- [Assigned task] Could you output each line below precisely as it stands, without the images?

───── Provided data

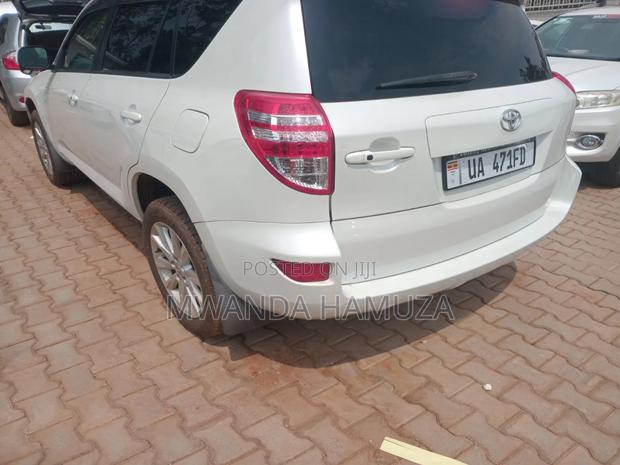 Toyota RAV4 2011 White
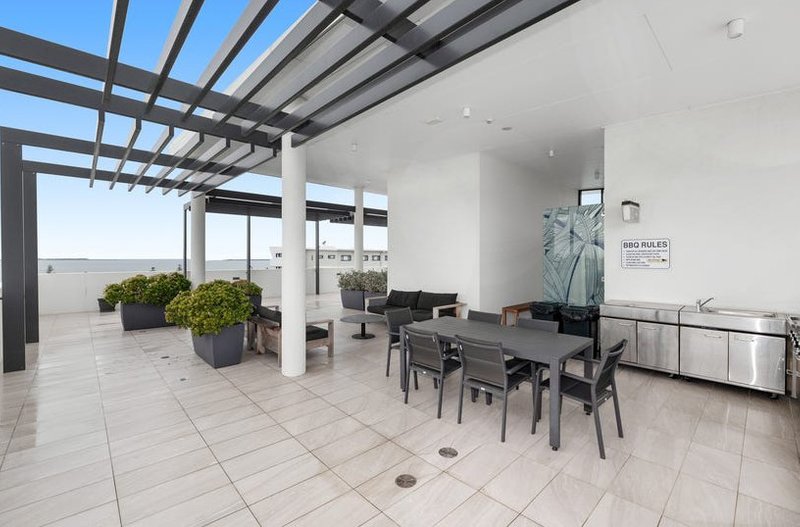 Photo - 2102/77 Bride Street, Wynnum QLD 4178 - Image 7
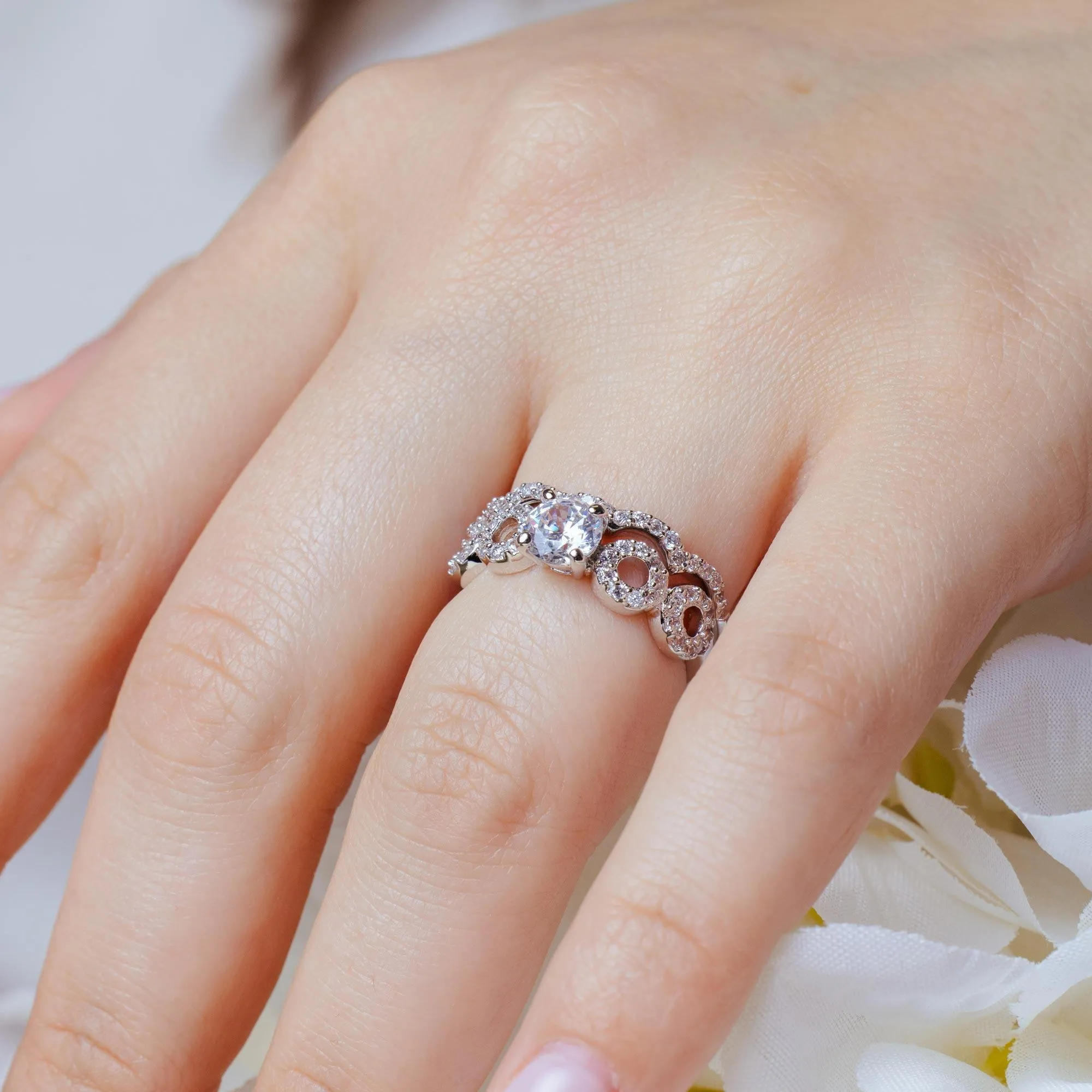 Silver 925 Rhodium Plated Clear CZ Open Multiple Circle Bridal Engagement Ring Set - BGR00591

──────────

- [Response area]
 Toyota RAV4 2011 White
 Photo - 2102/77 Bride Street, Wynnum QLD 4178 - Image 7
 Silver 925 Rhodium Plated Clear CZ Open Multiple Circle Bridal Engagement Ring Set - BGR00591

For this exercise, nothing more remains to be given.